What you are asked to do
Skip the images and print the listing exactly.

The data

:::

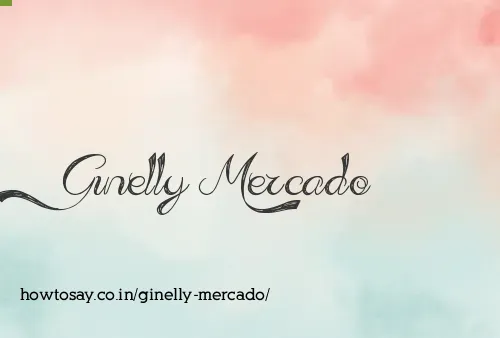 Ginelly Mercado
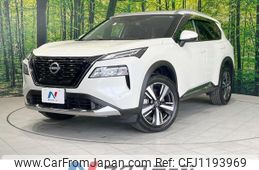 nissan x-trail 2023 quick_quick_SNT33_SNT33-034148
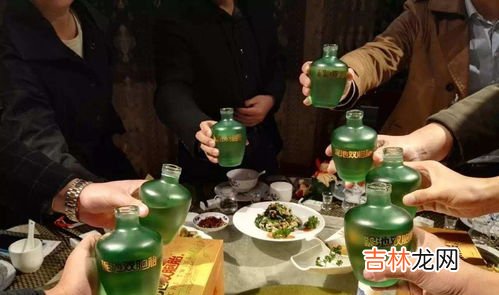 东北人喝什么白酒,东北的白酒什么品牌好喝？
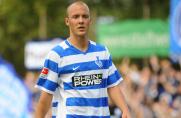 msv duisburg, 2.Bundesliga, Maurice Exslager, Saison 2011/12, msv duisburg, 2.Bundesliga, Maurice Exslager, Saison 2011/12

:::

Answer for this exercise
 Ginelly Mercado
 nissan x-trail 2023 quick_quick_SNT33_SNT33-034148
 东北人喝什么白酒,东北的白酒什么品牌好喝？
 msv duisburg, 2.Bundesliga, Maurice Exslager, Saison 2011/12, msv duisburg, 2.Bundesliga, Maurice Exslager, Saison 2011/12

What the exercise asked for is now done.